Does $\liminf_{r\to 0+} f'(r) \geq 0$ implies the existence of $f(0 +)$? Let $f$ be a real-valued differentiable function on $(0,1)$, and suppose that
\begin{equation*}
\sup_{0<r<1} |f(r)| < \infty, 
\end{equation*}
and
\begin{equation*}
\liminf_{r \to 0+} \,f'(r) \geq 0.
\end{equation*}
Can we conclude that $f(0+)$ exists? 
 A: Hint: Let $g(r)= r+f(r).$ Then $g'(r)> 0$ for $r$ in some $(0,a).$
A: Your first condition says $f$ is bounded on $(0,1)$.
Case I:    $\underset{r \rightarrow 0+}{\text{lim inf}} f'(r)>0$
In this case the lim inf condition says that eventually, for some $\epsilon>0$ sufficiently small, $f'$ is positive on $(0,\epsilon)$, which means $f$ is increasing on $(0,\epsilon)$.
$f$ bounded and increasing on $(0,\epsilon)$ implies $f(0+):= \underset{r\rightarrow 0+}{\text{lim }} f(r) = \underset{r\in(0,\epsilon)}{\inf}f(r) \in \mathbb{R}$.
Case II:    $\underset{r \rightarrow 0+}{\text{lim inf }} f'(r)=0$
Put $g(r):=r+f(r)$
So $g'(r)=1+f'(r) \Rightarrow \underset{r \rightarrow 0+}{\text{lim inf }} g'(r)= 1 + \underset{r \rightarrow 0+}{\text{lim inf }} f'(r)=1>0$
Again, the lim inf condition says that eventually, for some $a>0$ sufficiently small, $g'$ is positive on $(0,a)$, which means $g$ is increasing on $(0,a)$.
Note $g$ is also bounded on $(0,1)$.
$g$ bounded and increasing on $(0,a)$ implies $g(0+):= \underset{r\rightarrow 0+}{\text{lim }} g(r) = \underset{r\in(0,a)}{\inf}g(r) \in \mathbb{R}$.
But also $g(0+):= \underset{r\rightarrow 0+}{\text{lim }} g(r) =  \underset{r\rightarrow 0+}{\text{lim }} (r+f(r))- \underset{r\rightarrow 0+}{\text{lim }} r= \underset{r\rightarrow 0+}{\text{lim }} f(r) = f(0+)$.
A: Your first condition says $f$ is bounded on $(0,1)$.
Case I:    $\underset{r \rightarrow 0+}{\text{lim inf}} f'(r)>0$
In this case the lim inf condition says that eventually, for some $\epsilon>0$ sufficiently small, $f'$ is positive on $(0,\epsilon)$, which means $f$ is increasing on $(0,\epsilon)$.

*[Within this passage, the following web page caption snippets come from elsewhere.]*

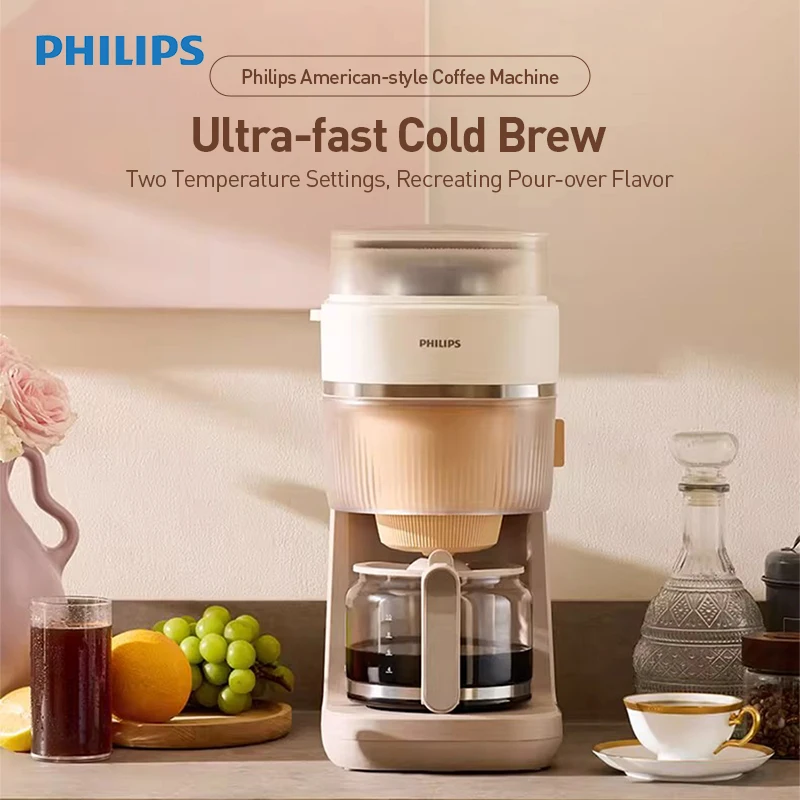 ماكينة قهوة فيليبس HD7997 أوتوماتيكية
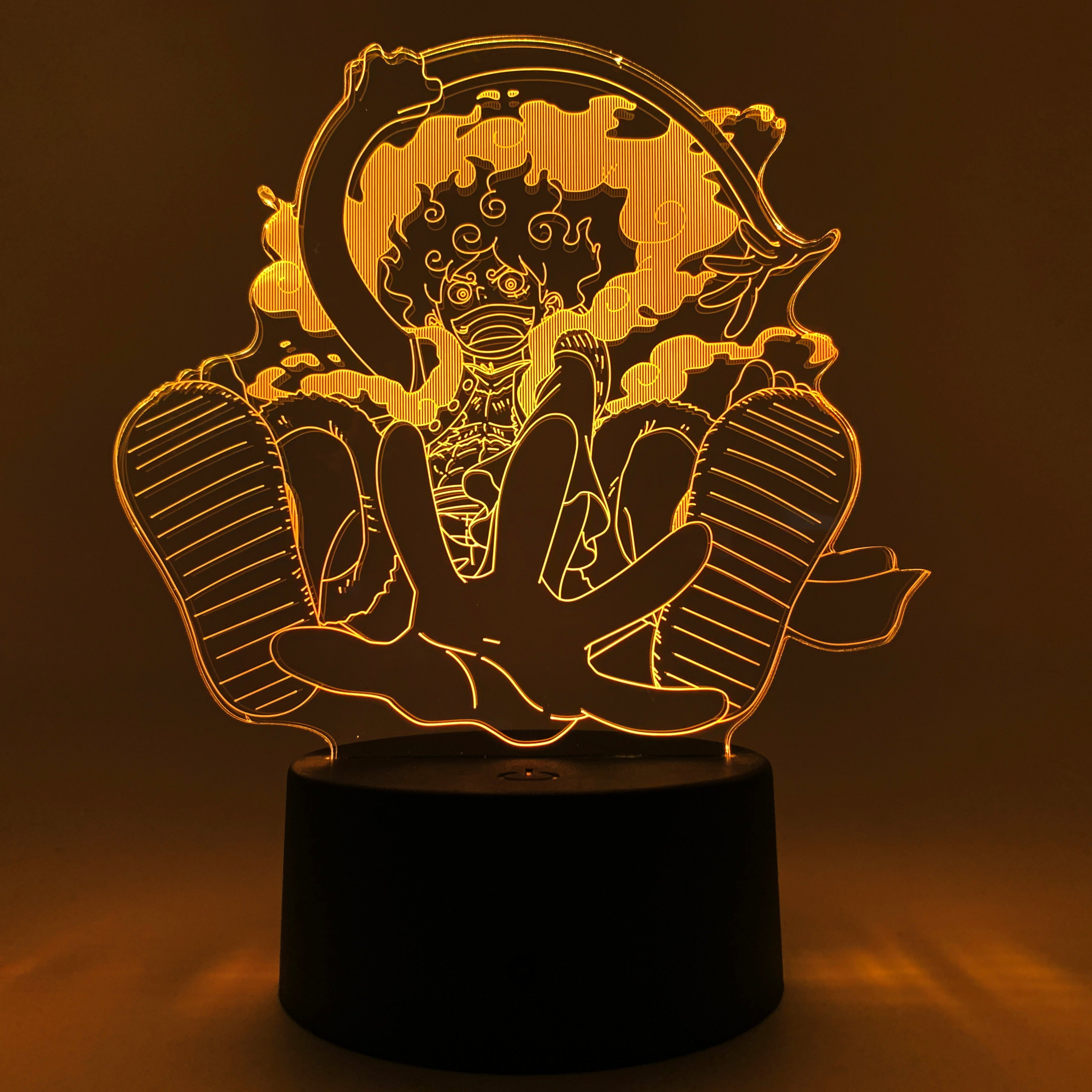 Luffy GEAR5 Otaku Lamp (One Piece)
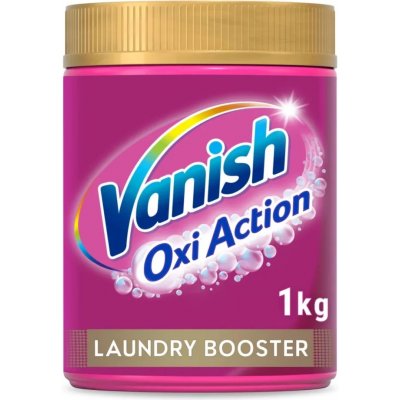 Vanish OXI action Gold Pink 1 kg – Zboží Mobilmania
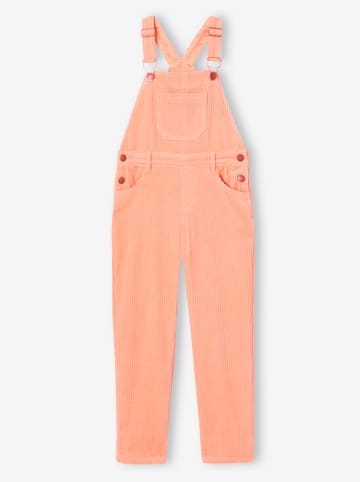 vertbaudet Latzhose in Rosa
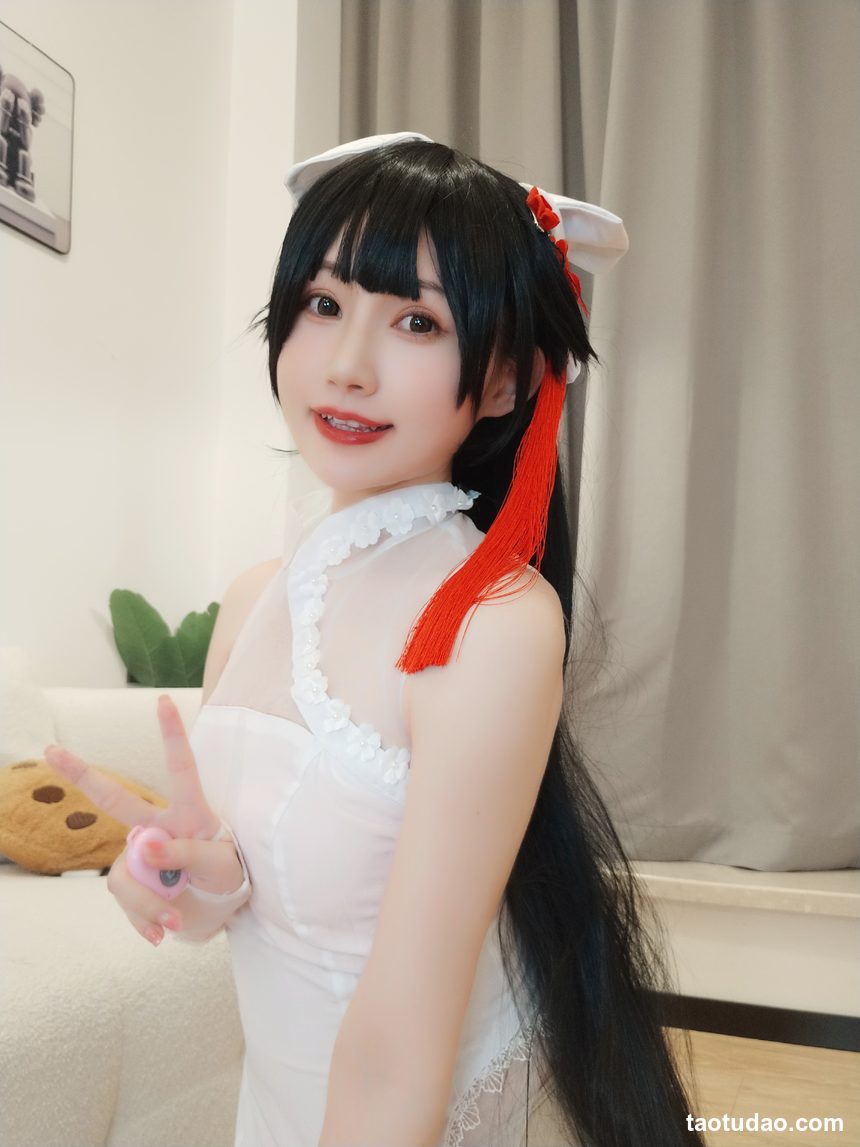 图片[4]-木之本果-自撮り特别篇-碧蓝航线-高雄[86P+7V-707MB]-绅士图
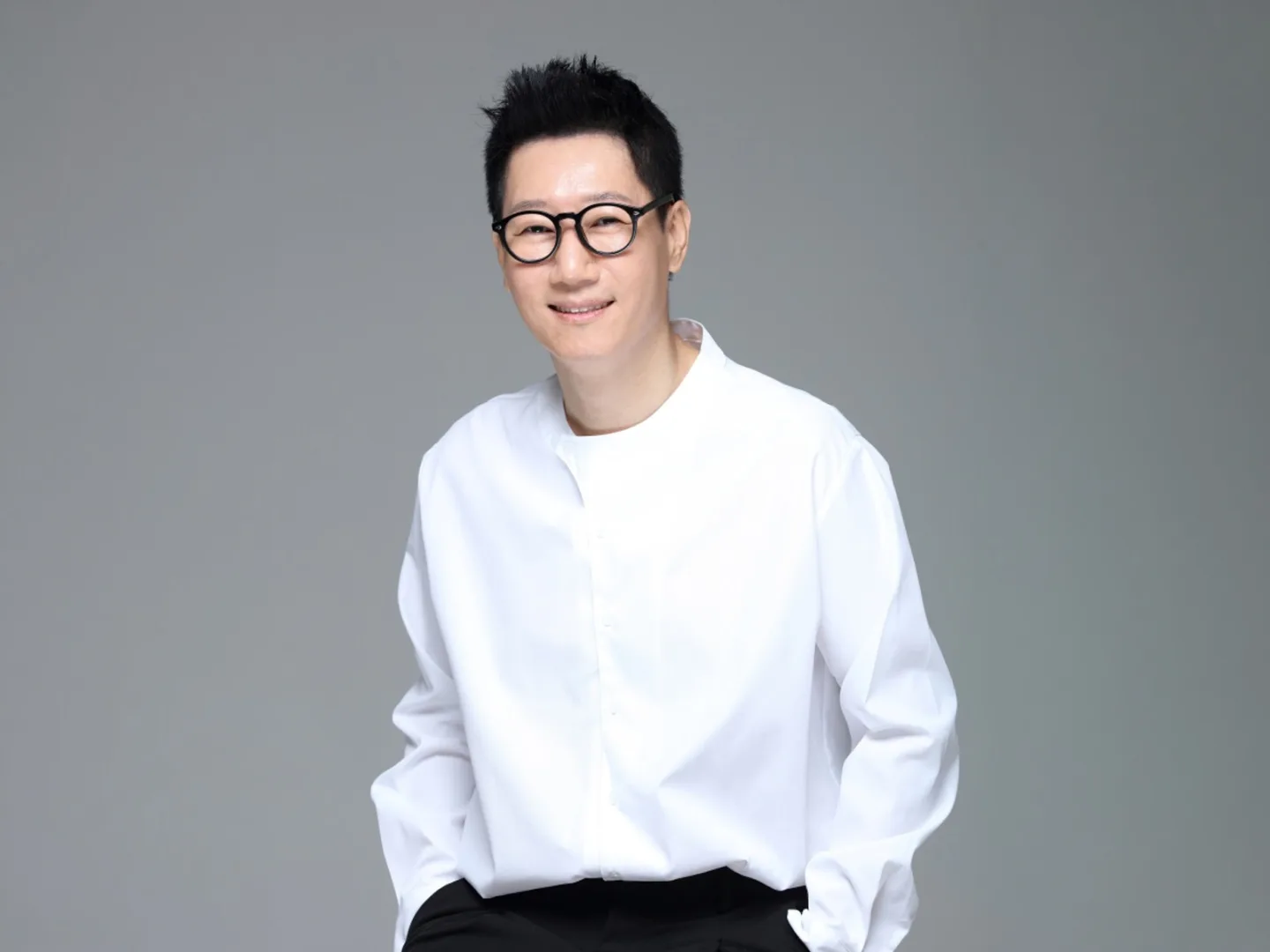 지석진 (Jee Seok-jin) 写真 1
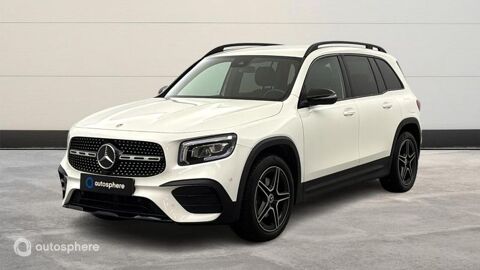 Mercedes GLB 200d 150ch AMG Line 8G DCT 2022 occasion Puilboreau 17138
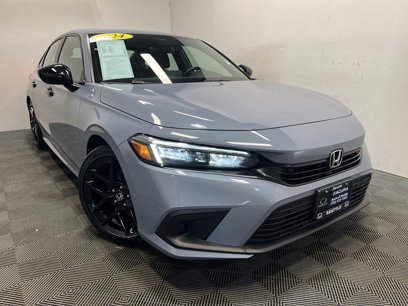 Used 2024 Honda Civic Sport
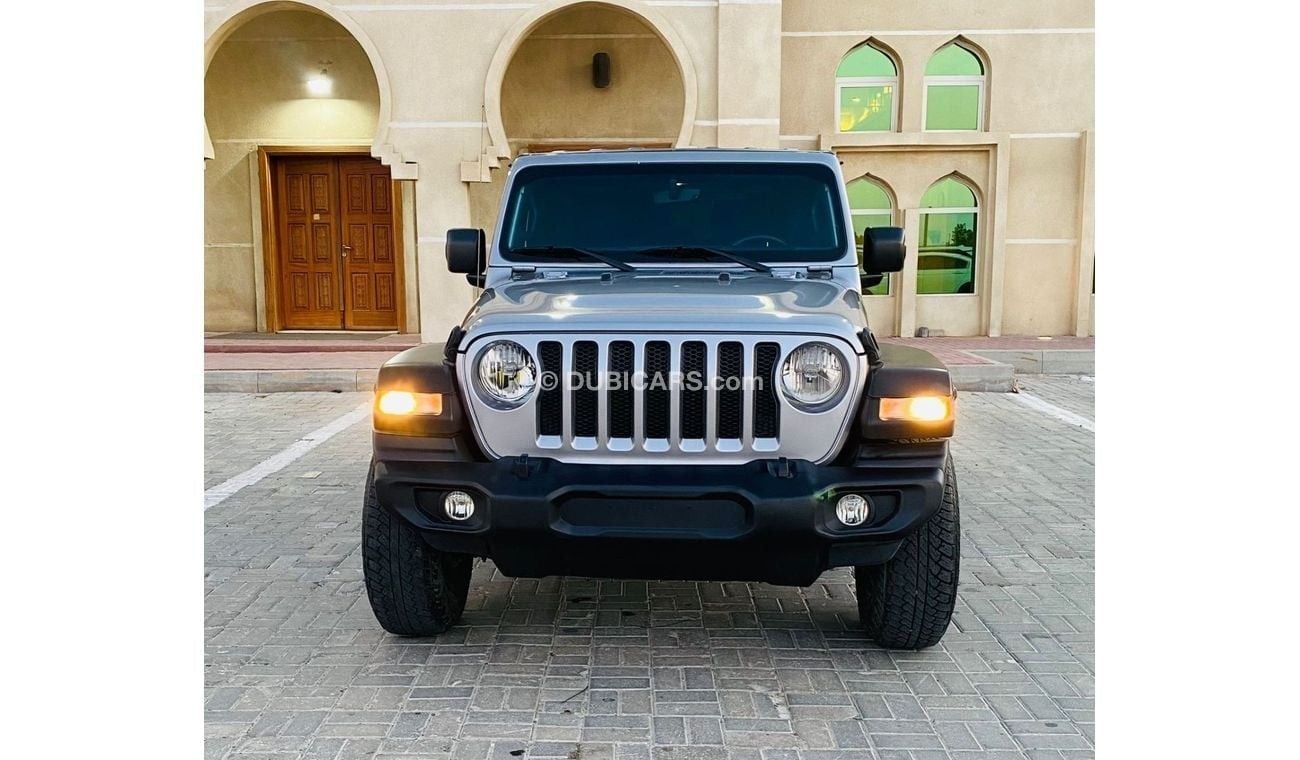 Jeep Wrangler Sport Falcon 3.6L A/T (2 Door)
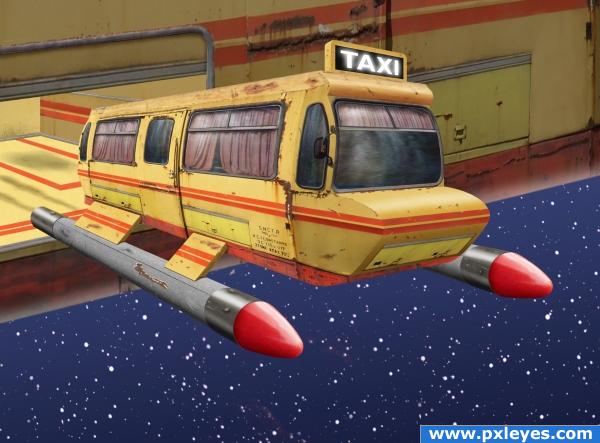 Star Taxi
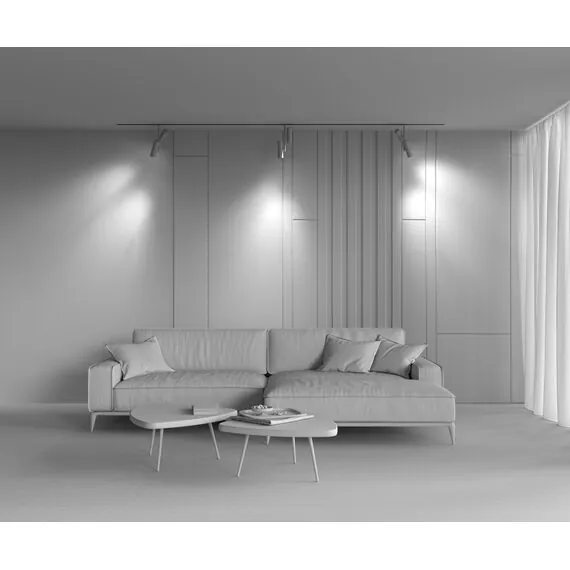 Maytoni Technical TR005-4-2X12W-DS-BW Трековый светильник Exility Elti Duo, изображение 8
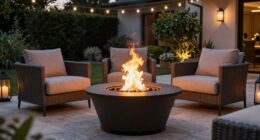 top propane fire pits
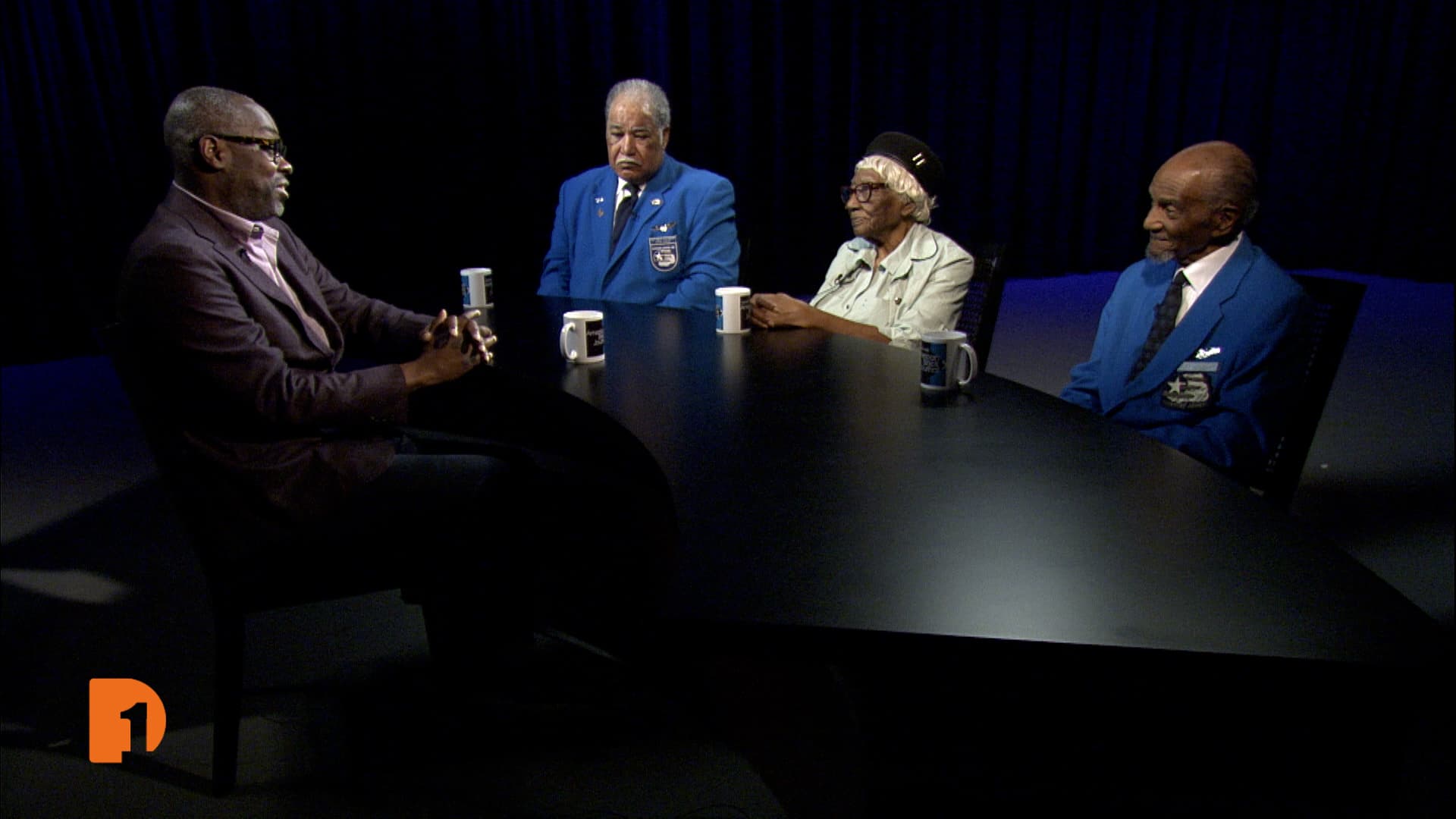 ONE DETROIT 1019 Tuskegee Airmen Still 1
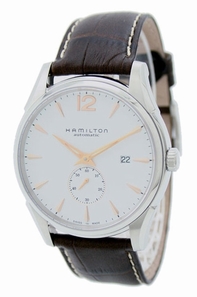 Hamilton Mens Stainless Steel Watch H38655515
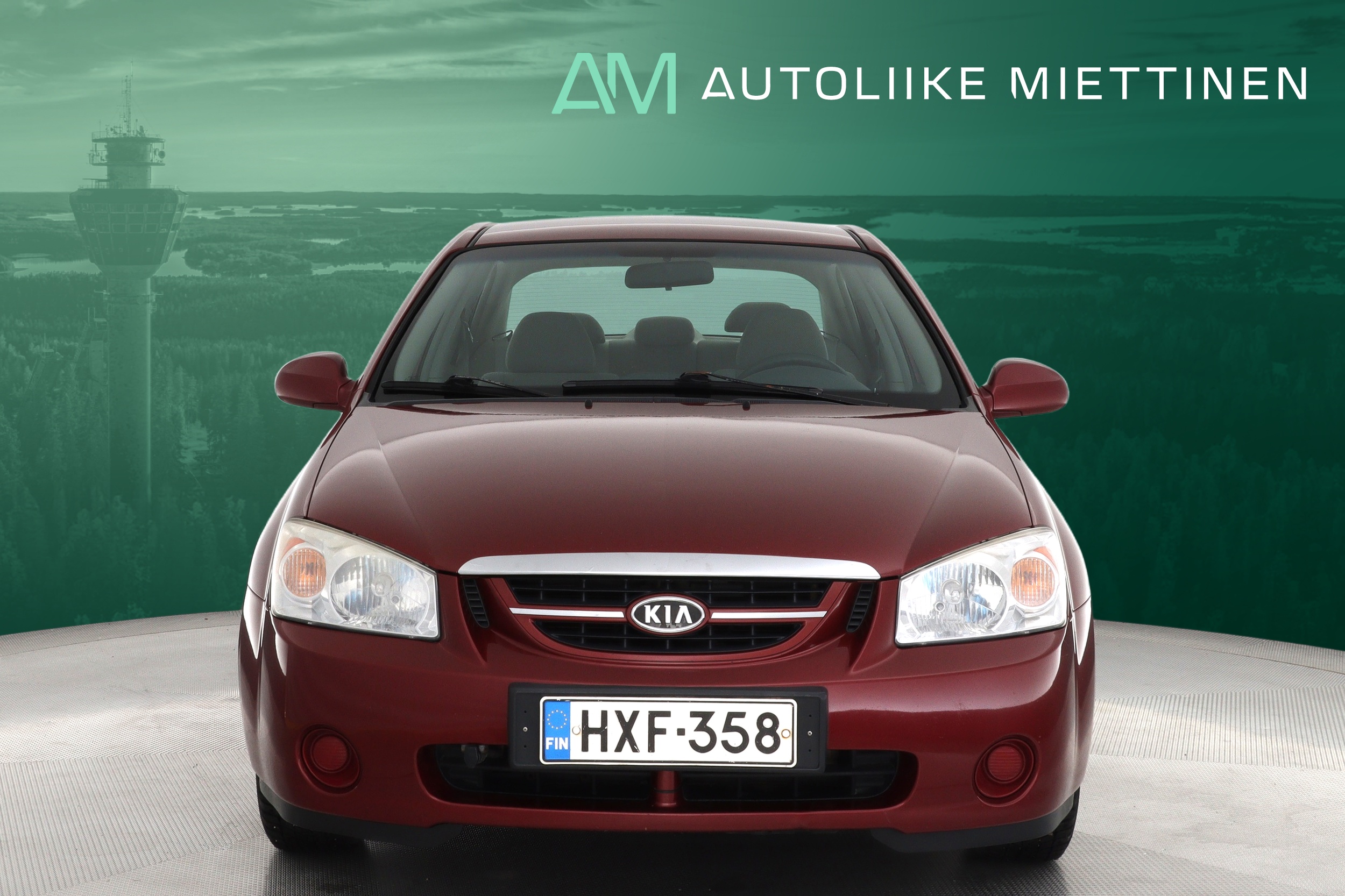 KIA Cerato 2005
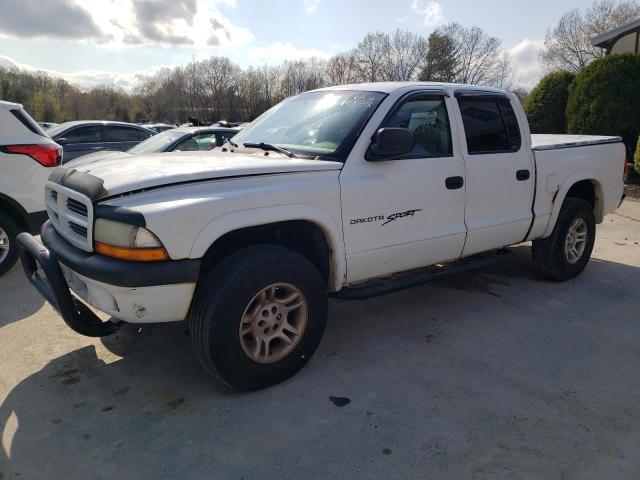 2001 Dodge Dakota 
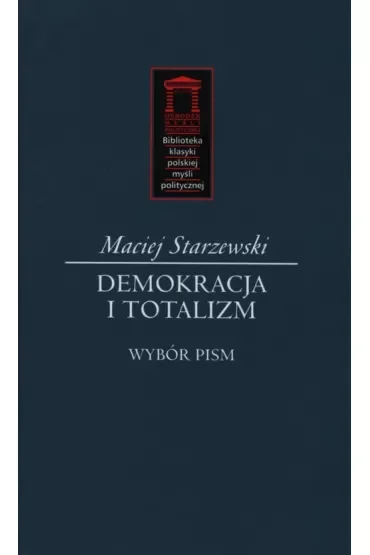 Demokracja i totalizm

$f$ bounded and increasing on $(0,\epsilon)$ implies $f(0+):= \underset{r\rightarrow 0+}{\text{lim }} f(r) = \underset{r\in(0,\epsilon)}{\inf}f(r) \in \mathbb{R}$.
Case II:    $\underset{r \rightarrow 0+}{\text{lim inf}} f'(r)=0$
...
(It is not clear to me whether $f(0+)$ exists in this case.)